A wild-caught adult, and juvenile red-bellied piranhas.
Photos taken at Wharf Aquatics
Photos © Sean Evans
|Common name:||Red-Bellied Piranha, Red Piranha, Natterer's Piranha|
|Scientific name:||Pygocentrus nattereri|
|Synonyms:||Serrasalmus nattereri (not valid)|
|Size:||Up to 12" (30cm)|
|Origin:||South America - large areas of the Amazon and its major tributaries.|
|Tank setup:||A large tank with bogwood, and a few robust or plastic plants for decor.
A shoal of adults will require a tank of 100 gallons (450 litres) plus. Heavy-duty filtration is essential.|
|Compatibility:||A highly predatory carnivore, best kept in a shoal in a species tank.|
|Water chemistry:||Fairly soft, acidic water (pH 5.8-6.8) prefered, but not essential, as harder and more alkaline water is well tolerated.|
|Feeding:||Carnivore: Live or dead meaty foods.

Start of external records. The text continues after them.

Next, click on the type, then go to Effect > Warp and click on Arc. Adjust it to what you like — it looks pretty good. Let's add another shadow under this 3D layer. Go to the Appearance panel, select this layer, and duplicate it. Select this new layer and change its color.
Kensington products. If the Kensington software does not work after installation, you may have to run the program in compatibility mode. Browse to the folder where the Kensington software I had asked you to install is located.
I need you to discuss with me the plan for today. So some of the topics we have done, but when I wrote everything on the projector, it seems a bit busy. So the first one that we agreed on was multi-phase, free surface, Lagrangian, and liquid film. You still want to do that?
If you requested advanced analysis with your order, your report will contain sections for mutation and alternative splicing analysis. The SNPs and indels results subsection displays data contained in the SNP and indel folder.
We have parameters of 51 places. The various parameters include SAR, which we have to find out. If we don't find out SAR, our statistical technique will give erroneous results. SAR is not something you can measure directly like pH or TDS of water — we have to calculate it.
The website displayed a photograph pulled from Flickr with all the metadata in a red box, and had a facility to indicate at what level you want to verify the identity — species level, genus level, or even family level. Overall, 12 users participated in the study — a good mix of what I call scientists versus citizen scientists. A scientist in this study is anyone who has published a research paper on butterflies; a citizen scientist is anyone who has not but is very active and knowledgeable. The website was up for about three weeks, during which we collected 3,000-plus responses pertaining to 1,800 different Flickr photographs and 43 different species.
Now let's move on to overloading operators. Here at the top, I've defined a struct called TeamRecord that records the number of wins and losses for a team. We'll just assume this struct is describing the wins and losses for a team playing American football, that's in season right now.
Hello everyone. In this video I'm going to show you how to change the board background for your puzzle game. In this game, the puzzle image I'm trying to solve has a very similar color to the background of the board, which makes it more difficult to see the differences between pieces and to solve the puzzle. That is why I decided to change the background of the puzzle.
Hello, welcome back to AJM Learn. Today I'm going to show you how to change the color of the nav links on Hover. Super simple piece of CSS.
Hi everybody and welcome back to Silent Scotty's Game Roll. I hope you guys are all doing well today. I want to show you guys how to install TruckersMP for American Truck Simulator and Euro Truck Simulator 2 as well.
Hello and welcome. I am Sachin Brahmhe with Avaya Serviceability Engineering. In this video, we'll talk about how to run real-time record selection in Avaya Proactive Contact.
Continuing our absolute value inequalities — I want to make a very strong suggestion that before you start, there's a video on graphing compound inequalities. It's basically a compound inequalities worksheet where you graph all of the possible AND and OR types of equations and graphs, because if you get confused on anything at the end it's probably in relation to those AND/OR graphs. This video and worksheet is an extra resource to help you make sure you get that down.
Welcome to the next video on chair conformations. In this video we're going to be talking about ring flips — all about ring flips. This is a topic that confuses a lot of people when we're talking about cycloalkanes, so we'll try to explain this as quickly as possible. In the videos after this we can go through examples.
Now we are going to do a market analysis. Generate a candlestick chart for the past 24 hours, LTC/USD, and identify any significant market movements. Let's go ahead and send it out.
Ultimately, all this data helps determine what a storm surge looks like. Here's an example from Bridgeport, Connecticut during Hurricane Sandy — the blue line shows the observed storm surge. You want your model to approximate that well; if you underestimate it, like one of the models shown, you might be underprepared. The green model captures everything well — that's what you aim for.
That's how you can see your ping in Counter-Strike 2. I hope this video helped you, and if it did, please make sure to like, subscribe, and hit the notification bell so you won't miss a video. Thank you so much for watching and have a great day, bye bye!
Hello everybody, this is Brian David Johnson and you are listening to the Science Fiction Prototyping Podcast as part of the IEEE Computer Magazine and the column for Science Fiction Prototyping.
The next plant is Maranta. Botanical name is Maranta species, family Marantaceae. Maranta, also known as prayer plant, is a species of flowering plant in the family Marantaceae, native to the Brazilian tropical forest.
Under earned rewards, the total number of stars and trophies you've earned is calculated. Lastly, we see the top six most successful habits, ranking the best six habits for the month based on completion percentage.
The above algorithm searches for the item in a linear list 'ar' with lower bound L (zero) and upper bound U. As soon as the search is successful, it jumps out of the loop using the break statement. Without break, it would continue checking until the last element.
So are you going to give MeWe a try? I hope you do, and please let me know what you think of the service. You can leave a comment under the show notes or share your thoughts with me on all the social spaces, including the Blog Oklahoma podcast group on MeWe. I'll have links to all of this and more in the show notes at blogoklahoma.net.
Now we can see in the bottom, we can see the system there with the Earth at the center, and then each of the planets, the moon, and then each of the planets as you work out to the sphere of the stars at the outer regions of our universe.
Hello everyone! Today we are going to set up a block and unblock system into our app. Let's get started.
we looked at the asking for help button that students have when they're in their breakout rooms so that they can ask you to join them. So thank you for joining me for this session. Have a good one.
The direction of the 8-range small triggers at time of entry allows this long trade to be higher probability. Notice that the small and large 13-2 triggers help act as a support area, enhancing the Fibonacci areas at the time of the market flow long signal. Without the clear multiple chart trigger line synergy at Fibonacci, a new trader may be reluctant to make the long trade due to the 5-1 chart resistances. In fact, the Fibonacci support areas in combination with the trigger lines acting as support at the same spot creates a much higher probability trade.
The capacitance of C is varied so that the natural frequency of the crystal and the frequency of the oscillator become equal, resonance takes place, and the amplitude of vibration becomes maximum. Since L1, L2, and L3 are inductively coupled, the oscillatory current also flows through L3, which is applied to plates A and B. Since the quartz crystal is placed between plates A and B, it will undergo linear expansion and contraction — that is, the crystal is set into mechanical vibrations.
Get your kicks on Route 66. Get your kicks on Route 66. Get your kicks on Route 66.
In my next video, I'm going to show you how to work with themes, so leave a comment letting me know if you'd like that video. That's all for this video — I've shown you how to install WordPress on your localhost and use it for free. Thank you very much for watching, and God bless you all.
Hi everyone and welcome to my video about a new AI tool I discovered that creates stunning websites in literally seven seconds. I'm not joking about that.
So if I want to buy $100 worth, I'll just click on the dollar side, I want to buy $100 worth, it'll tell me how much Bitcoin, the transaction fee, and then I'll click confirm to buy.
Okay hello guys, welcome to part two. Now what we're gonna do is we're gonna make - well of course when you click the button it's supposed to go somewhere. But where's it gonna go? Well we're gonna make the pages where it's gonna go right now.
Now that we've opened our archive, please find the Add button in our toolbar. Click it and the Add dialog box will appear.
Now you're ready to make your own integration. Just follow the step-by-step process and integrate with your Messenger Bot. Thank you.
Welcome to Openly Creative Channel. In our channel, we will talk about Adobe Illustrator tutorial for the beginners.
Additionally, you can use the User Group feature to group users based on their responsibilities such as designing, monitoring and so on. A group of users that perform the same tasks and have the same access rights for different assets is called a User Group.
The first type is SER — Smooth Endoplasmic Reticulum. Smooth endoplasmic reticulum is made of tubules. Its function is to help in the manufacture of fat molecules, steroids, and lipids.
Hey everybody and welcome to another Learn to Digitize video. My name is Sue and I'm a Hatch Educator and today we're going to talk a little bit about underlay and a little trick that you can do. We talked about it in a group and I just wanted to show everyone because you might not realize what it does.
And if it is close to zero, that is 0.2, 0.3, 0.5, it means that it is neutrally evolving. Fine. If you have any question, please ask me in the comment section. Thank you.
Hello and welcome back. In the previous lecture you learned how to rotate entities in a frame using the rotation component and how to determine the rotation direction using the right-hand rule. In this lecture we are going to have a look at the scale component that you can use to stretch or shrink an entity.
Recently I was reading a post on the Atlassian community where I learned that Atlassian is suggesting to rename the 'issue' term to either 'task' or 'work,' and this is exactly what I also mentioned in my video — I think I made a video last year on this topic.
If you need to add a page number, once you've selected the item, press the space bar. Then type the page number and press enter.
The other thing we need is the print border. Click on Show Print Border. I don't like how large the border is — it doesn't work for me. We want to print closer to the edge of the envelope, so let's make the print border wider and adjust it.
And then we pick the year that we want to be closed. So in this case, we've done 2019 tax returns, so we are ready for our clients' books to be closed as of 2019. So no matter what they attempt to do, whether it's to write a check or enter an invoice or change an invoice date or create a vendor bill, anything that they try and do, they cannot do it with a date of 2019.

There is no particular need to feed live fish, as they can easily be weaned onto
thawed mussel, prawn, etc - some even take pellets which can help to provide a varied diet. The use of "feeder fish" carries a strong risk
of introducing disease.|
|Sexing:||No clear sexual differences. Breeding females may appear more robust in shape.|
|Breeding:||Eggs are laid among plants or in a pit in the substrate and defended by the parents.
Hatching takes around 2-3 days.|
This fish is infamous as a highly dangerous carnivore. Although its reputation is somewhat exaggerated, it
is wise to take precautions when carrying out tank maintenance. The fish may actually appear rather timid if kept
in a brightly lit aquarium with little cover.|
This species may be confused with P. cariba, which occurs in the Orinoco river, rather than the Amazon.